Why feeling is spiritual
It’s written in the holy books that a human being is made up of a spiritual-emotional reality, and a materialistic reality, and that there is a link between our physical body and our spiritual powers.
For example: When someone receives a blow to their body, they feel pain. But if we hurt an inanimate object, it won’t feel pain and it won’t cry out. The ability to feel is something spiritual. Thanks to the connection between his physical body and his more spiritual side, a person will feel pain as part of his spiritual dimension.
The spiritual dimension
The spiritual dimension is made up of five different parts: the Nefesh (animal soul), Ruach, (referring to the emotions), Neshama, (Divine soul), Chaya (living soul) and Yechida (unique soul).

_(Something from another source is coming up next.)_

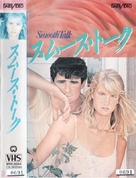 Smooth Talk - Japanese Movie Cover (xs thumbnail)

These last two parts will only be revealed to a person in the distant future, unless he’s a very great Tzaddik who merits to have them revealed now.
The essence of the nefesh’s strength comes from desires and lusts. Whenever a person desires or lusts for something, that tells us that the light of the nefesh is currently shining within him.

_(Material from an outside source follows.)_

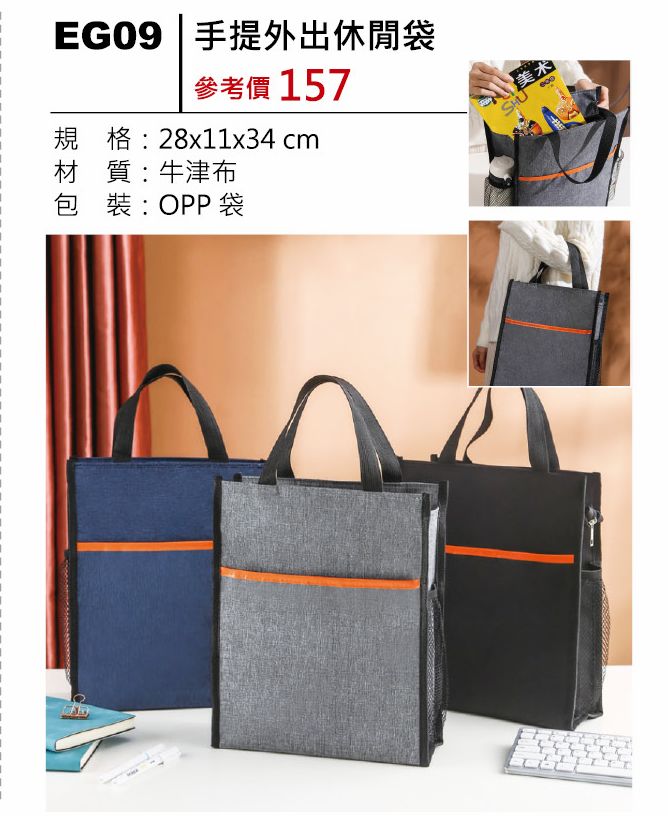 手提外出休閒袋-混出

A desire is not necessarily always something bad, because a person can also desire holy things, as it’s written (in Psalms):
“My souls yearns for You (i.e. Hashem) in the night”.
The essence of the ruach’s strength is revealed within us by way of our heartfelt feelings. When we feel love, happiness or anger, and so on and so forth, this means that the light of the ruach is now shining within us.
And the essence of the neshama’s strength is revealed via our thoughts.
The three aspects of our internal reality
These three aspects form our internal reality – the nefesh creates our desires, the ruach creates our feelings and emotions, and the neshama creates our thoughts.
When a person contemplates his inner life a little, sometimes he’ll notice that he’s craving something, he wants something; other times, that he’s feeling some sort of emotion; and that sometimes, he’s thinking. Most of our reality revolves around these three aspects.